Tuesday, December 11, 2007

Blood Soaked Dresses


Blood Soaked Dresses is a recently published book of poetry by Boston area poet Gloria Mindock. The book was recently reviewed in the Boston Globe:

Every day we wake to newspapers full of new human catastrophes of all types in various places, year after year, decade after decade. Bosnia, Aceh, Sudan, Bhopal blur in our minds into a vague disaster stew. And though we are caring people, we are human and the tragedies are painful. So we ignore. We forget.

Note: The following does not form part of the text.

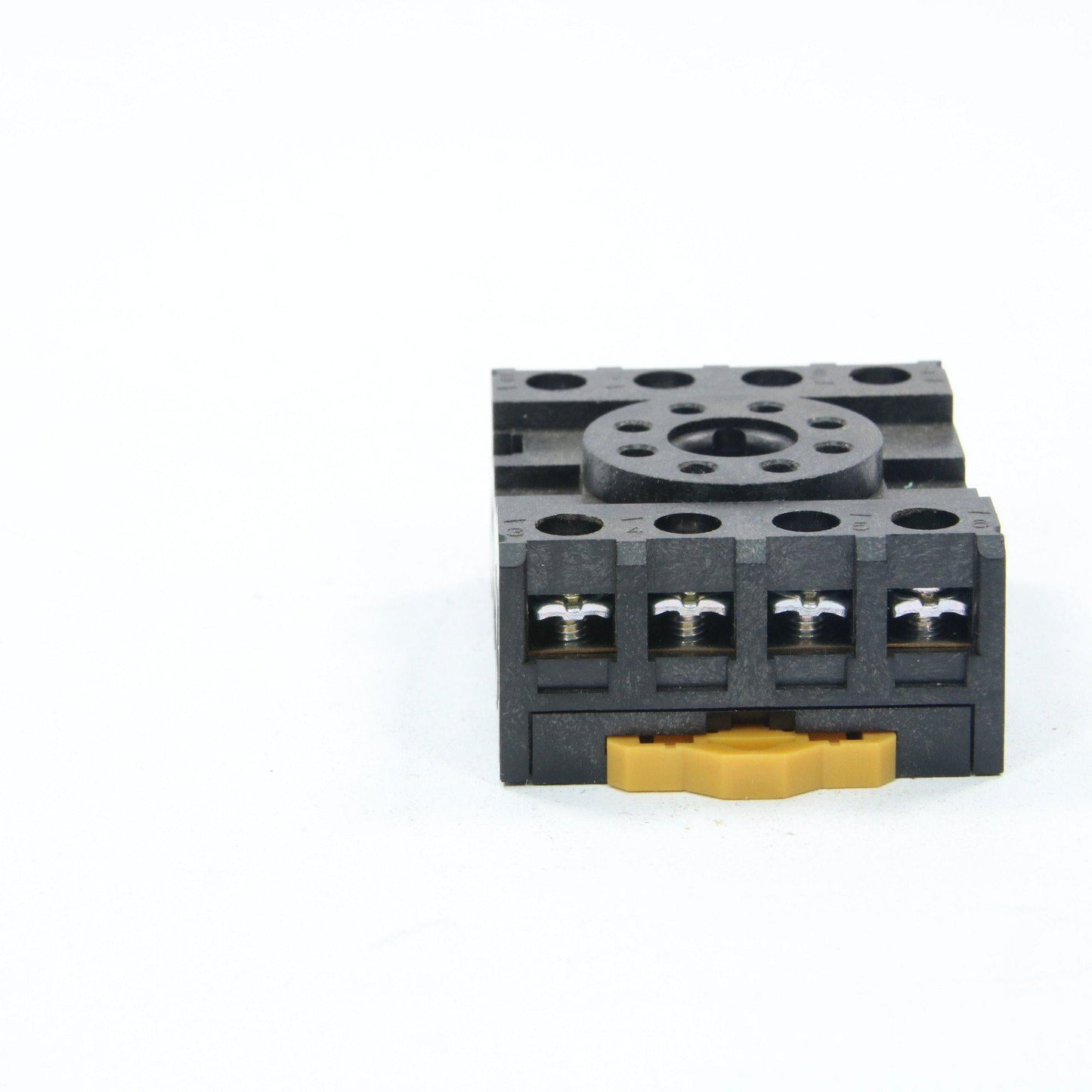 OMRON PF083A-E 8 RELAY SOCKET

Unless someone insists on reminding us, as Gloria Mindock does of the civil war that raged in El Salvador from 1980 to 1992. In her new poetry collection, "Blood Soaked Dresses," she holds up the events so we cannot look away...

Now she wants us to remember that as long as there are survivors to remember, tragedies continue to echo long after the news photographs and on-the-scene reports have faded. And even without survivors, the facts remain. And so Mindock has made it her mission to bear witness, as centuries of writers, composers, and visual artists have done before. (more).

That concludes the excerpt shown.